* _The problem_:
Repeat exactly the lines that run from the one containing "One Bedroom Apartment" to the end of the data, and leave out all others.

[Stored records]
· · · · ·

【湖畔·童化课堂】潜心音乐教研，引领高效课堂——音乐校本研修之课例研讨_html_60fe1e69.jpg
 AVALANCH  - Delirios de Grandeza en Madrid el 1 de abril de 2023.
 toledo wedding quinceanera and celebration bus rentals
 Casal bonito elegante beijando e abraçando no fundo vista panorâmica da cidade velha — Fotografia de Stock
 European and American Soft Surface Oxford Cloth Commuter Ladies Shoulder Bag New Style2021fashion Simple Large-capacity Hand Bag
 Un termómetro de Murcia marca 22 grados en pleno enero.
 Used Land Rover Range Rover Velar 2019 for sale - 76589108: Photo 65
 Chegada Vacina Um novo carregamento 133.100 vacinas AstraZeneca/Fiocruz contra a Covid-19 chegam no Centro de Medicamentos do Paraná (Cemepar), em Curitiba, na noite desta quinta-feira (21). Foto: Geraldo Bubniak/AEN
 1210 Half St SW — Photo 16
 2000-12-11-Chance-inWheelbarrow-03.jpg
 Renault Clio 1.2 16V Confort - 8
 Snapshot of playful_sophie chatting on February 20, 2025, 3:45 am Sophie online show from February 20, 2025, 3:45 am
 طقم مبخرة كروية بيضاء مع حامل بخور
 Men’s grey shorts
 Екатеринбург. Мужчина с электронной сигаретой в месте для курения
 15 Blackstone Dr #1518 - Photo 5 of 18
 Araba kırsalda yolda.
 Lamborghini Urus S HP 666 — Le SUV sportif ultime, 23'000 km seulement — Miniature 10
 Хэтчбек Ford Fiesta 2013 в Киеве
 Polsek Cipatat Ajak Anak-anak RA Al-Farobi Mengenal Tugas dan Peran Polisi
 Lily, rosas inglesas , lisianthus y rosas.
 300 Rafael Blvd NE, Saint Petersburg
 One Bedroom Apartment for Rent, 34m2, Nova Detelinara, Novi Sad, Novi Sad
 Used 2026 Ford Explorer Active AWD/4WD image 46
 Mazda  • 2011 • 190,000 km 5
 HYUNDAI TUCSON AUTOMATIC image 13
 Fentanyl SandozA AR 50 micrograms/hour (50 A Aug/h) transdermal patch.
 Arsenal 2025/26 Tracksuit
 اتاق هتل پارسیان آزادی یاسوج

· · · · ·

* _Answer to this task_:
 One Bedroom Apartment for Rent, 34m2, Nova Detelinara, Novi Sad, Novi Sad
 Used 2026 Ford Explorer Active AWD/4WD image 46
 Mazda  • 2011 • 190,000 km 5
 HYUNDAI TUCSON AUTOMATIC image 13
 Fentanyl SandozA AR 50 micrograms/hour (50 A Aug/h) transdermal patch.
 Arsenal 2025/26 Tracksuit
 اتاق هتل پارسیان آزادی یاسوج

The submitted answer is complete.